** Supplied records follows **
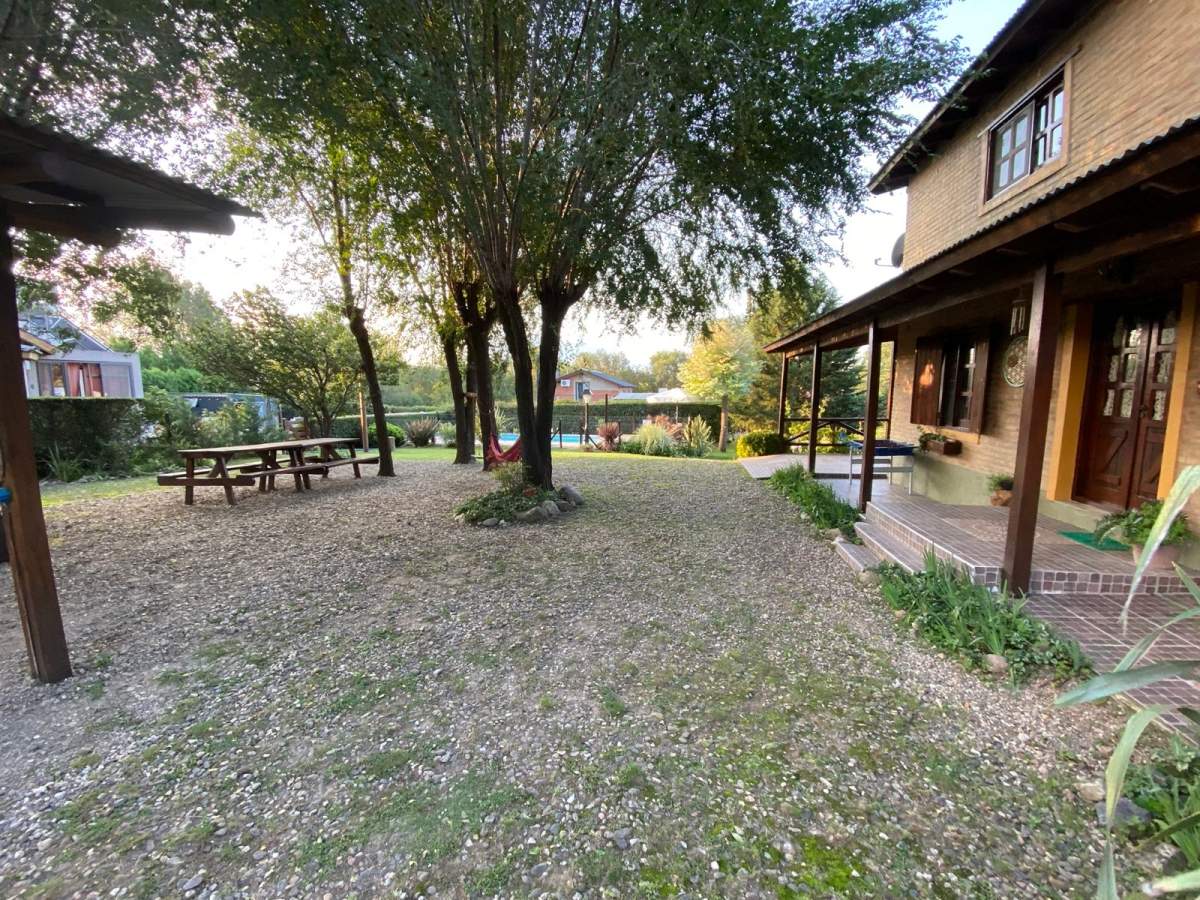 Venta de dos casas amplias con pileta!! Todos los servicios, Escritura!!!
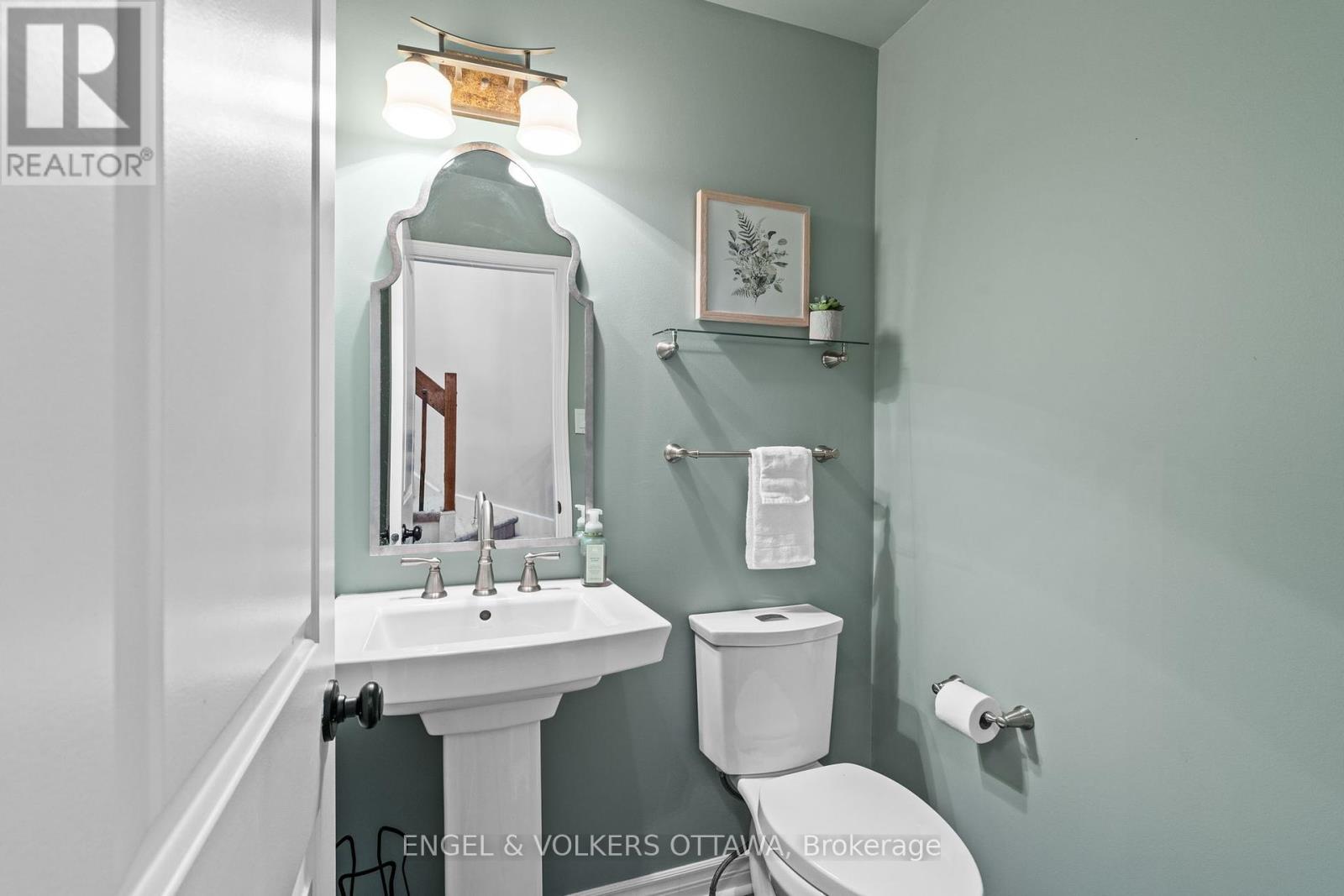 12 Hackett Street, Ottawa, Ontario  K1V 0P8 - Photo 14 - X12216424
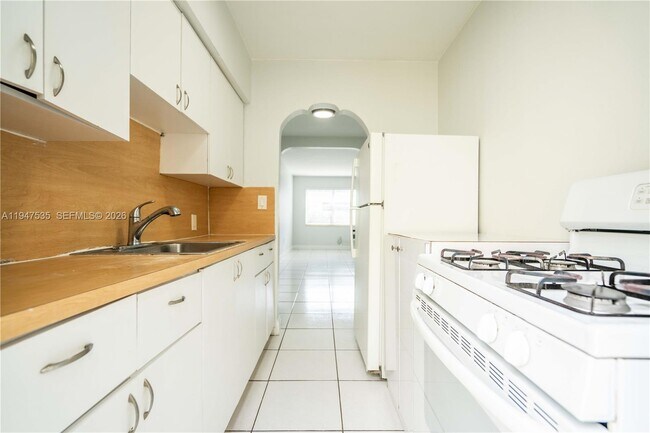 Building Photo - 7829 Carlyle Ave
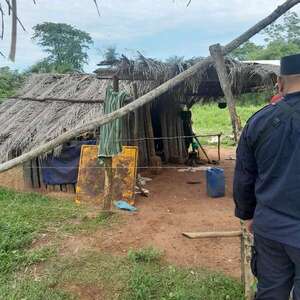 Indígena asesina a su padre y se entrega a la Policía en Concepción  - Nacionales - ABC Color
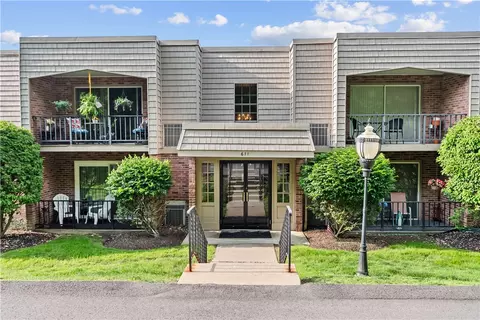 611 Calais Dr #4108, Pittsburgh, PA 15237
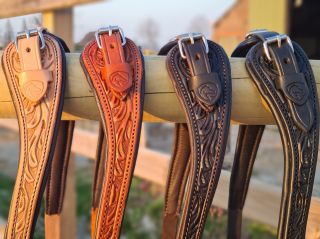 Kvalitně zpracované anatomické uzdy z Argentinské kůže. Nově na našem e-shopu. #bridle #horse #horselife #prokone...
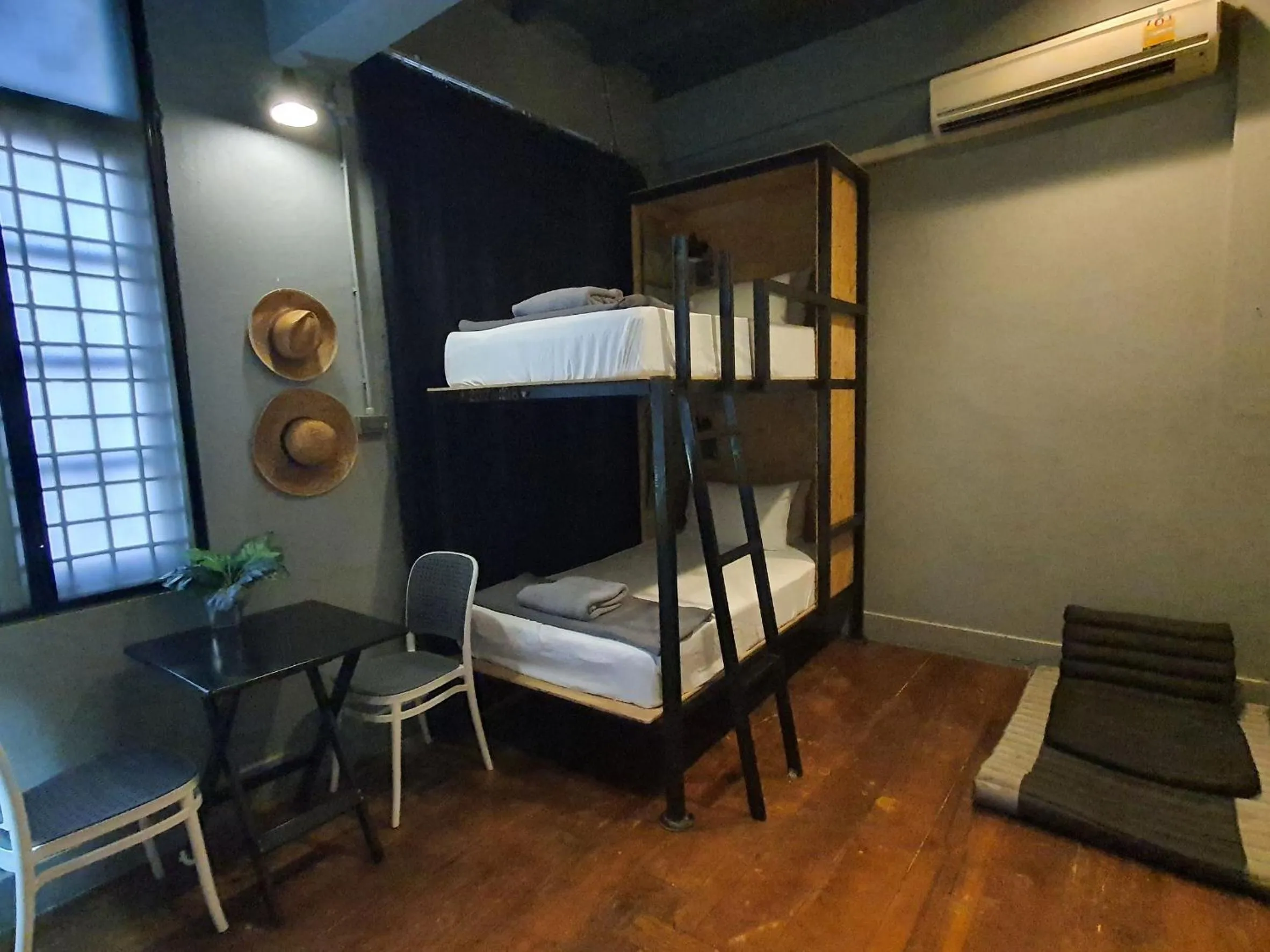 Bed in Bangkok Bed and Bike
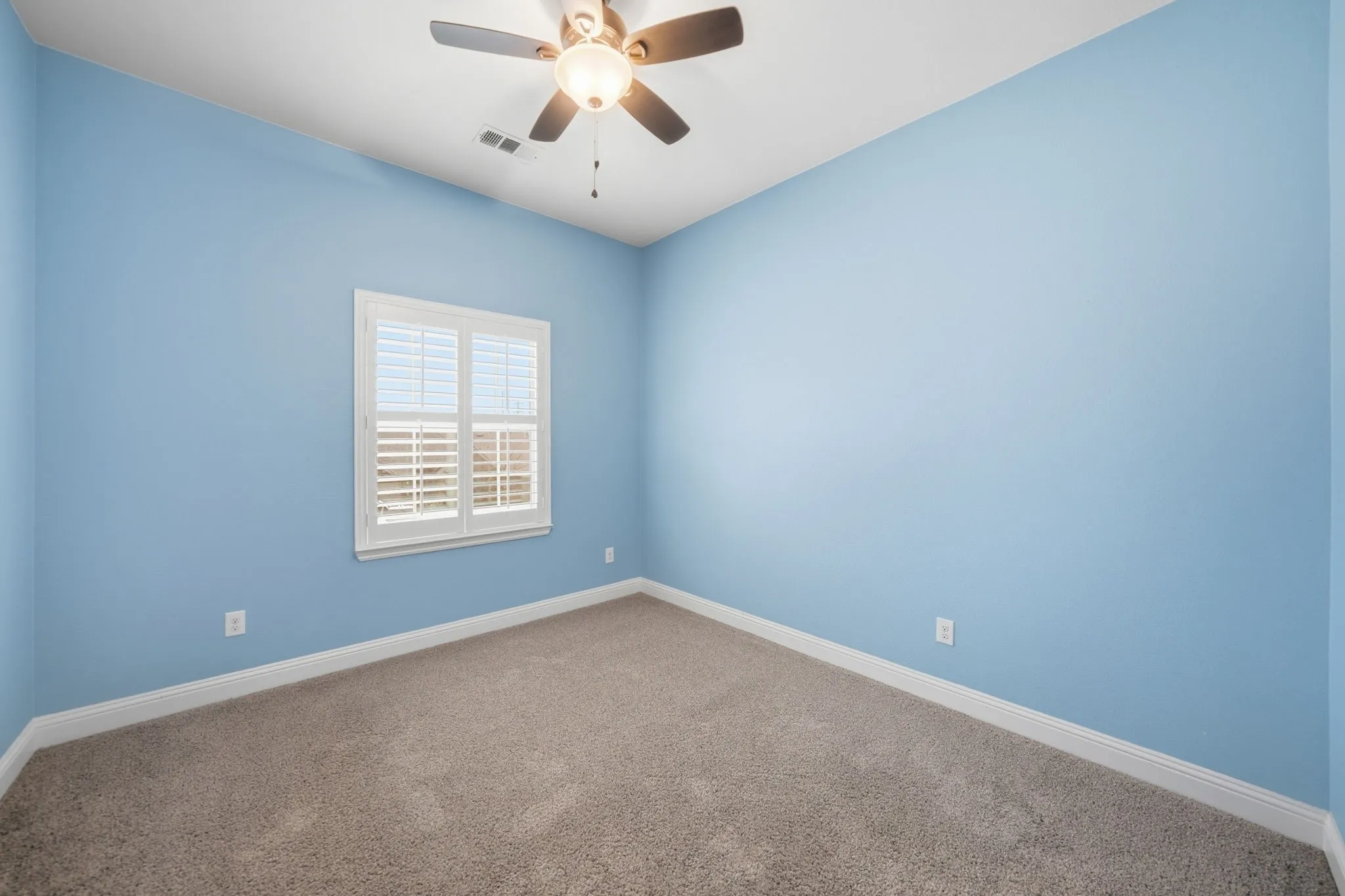 Single Family Residence For Sale in Denton County , 4213 Wilderness Pass, Fort Worth, Texas 76262, 4 Bedroom, 3 Bathroom, 2 Garage spaces, 2,884 Sqft, built in 2016, mls#21335615, Real Estate Agent in Fort Worth, Homes For Sale in Denton county, Homes For Sale in Fort Worth, Realtor in Fort Worth Texas, Real Estate Brokerage Independent Realty Texas, Luminita Cordes Realtor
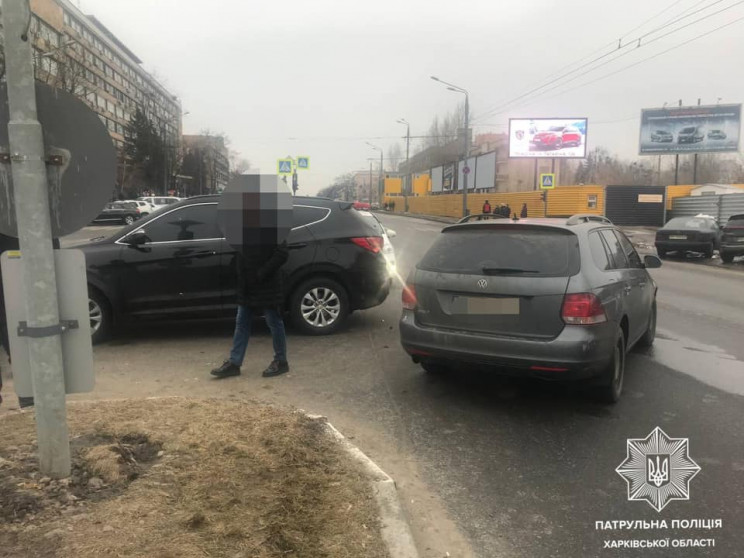 В Харькове три автомобиля не поделили пр…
** End of Supplied records **
> _Your goal_
Nothing but the lines from the one with "611 Calais Dr #4108, Pittsburgh, PA 15237" to the one with "Bed in Bangkok Bed and Bike" above, both included, should be transcribed, exactly and without pictures.

> _Output of the exercise_
 611 Calais Dr #4108, Pittsburgh, PA 15237
 Kvalitně zpracované anatomické uzdy z Argentinské kůže. Nově na našem e-shopu. #bridle #horse #horselife #prokone...
 Bed in Bangkok Bed and Bike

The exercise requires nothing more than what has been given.